Character for character, transcribe the entries below, minus the images.

§ Given records:

● ● ●

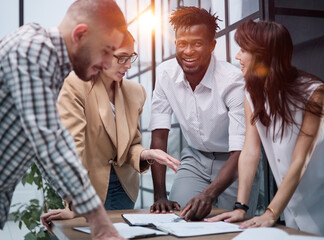 Cheerful colleagues discussing project in modern office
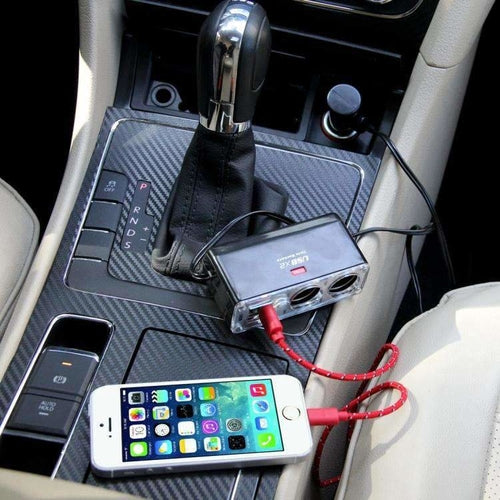 2-socket car cigarette lighter adapter connected to smartphone for charging in vehicle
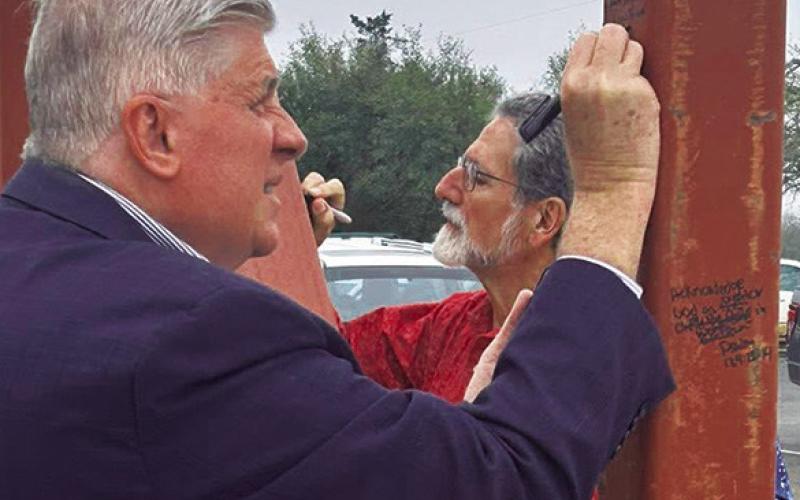 MEMBERS OF NEW Tabor Brethren Church wrote scriptures on the frames of the new building last Sunday.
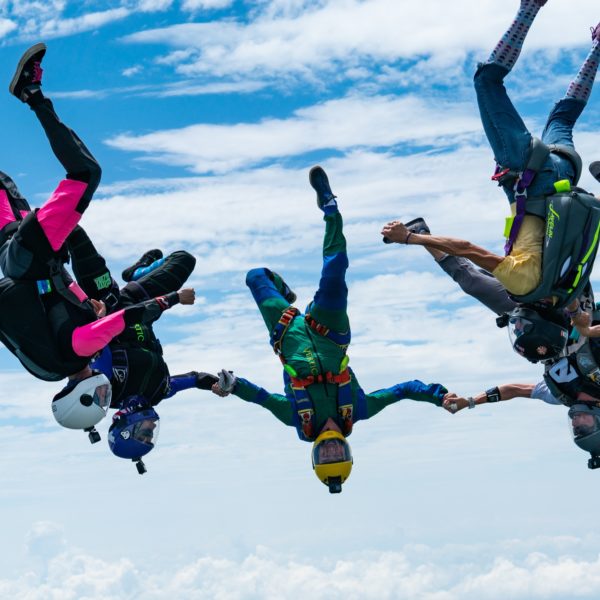 group of skydivers upsidedown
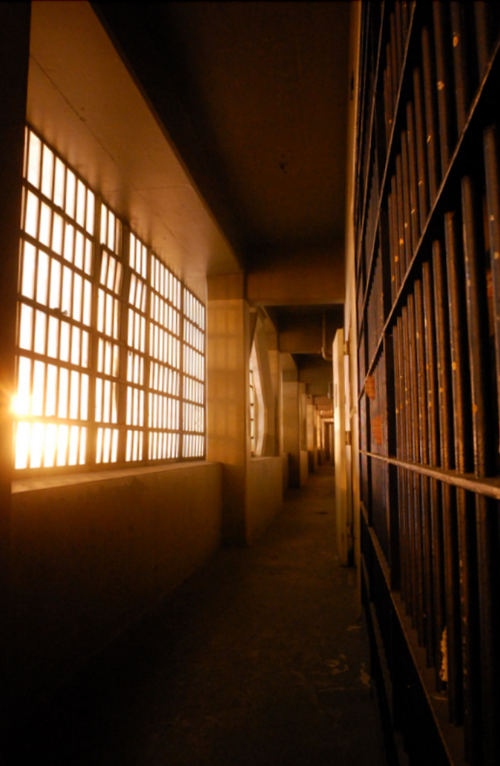 A dimly lit prison corridor with barred windows casting warm light on the walls.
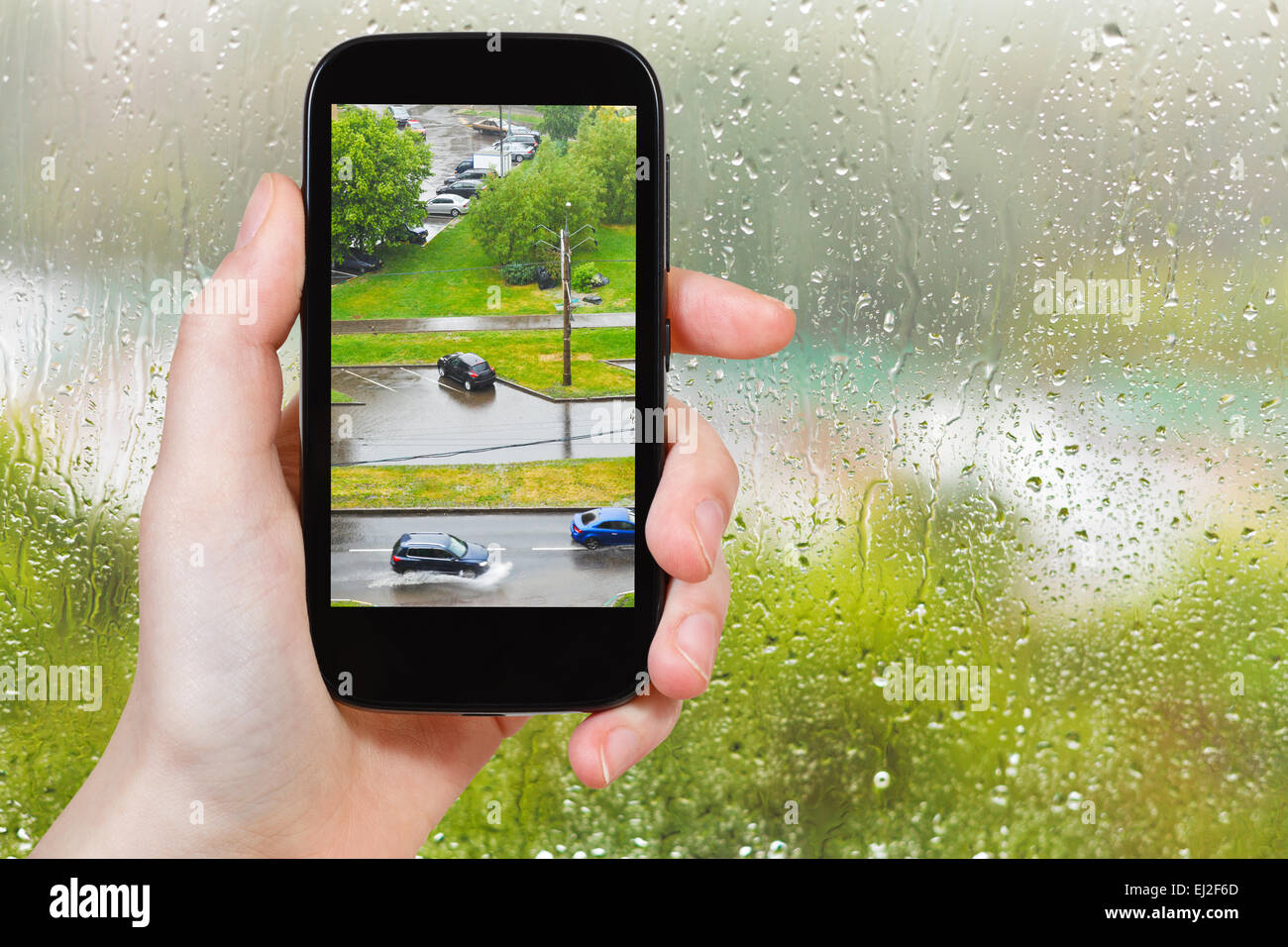 Rainy city view from window hi-res stock photography and images - Alamy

● ● ●

§ Your response:
 Cheerful colleagues discussing project in modern office
 2-socket car cigarette lighter adapter connected to smartphone for charging in vehicle
 MEMBERS OF NEW Tabor Brethren Church wrote scriptures on the frames of the new building last Sunday.
 group of skydivers upsidedown
 A dimly lit prison corridor with barred windows casting warm light on the walls.
 Rainy city view from window hi-res stock photography and images - Alamy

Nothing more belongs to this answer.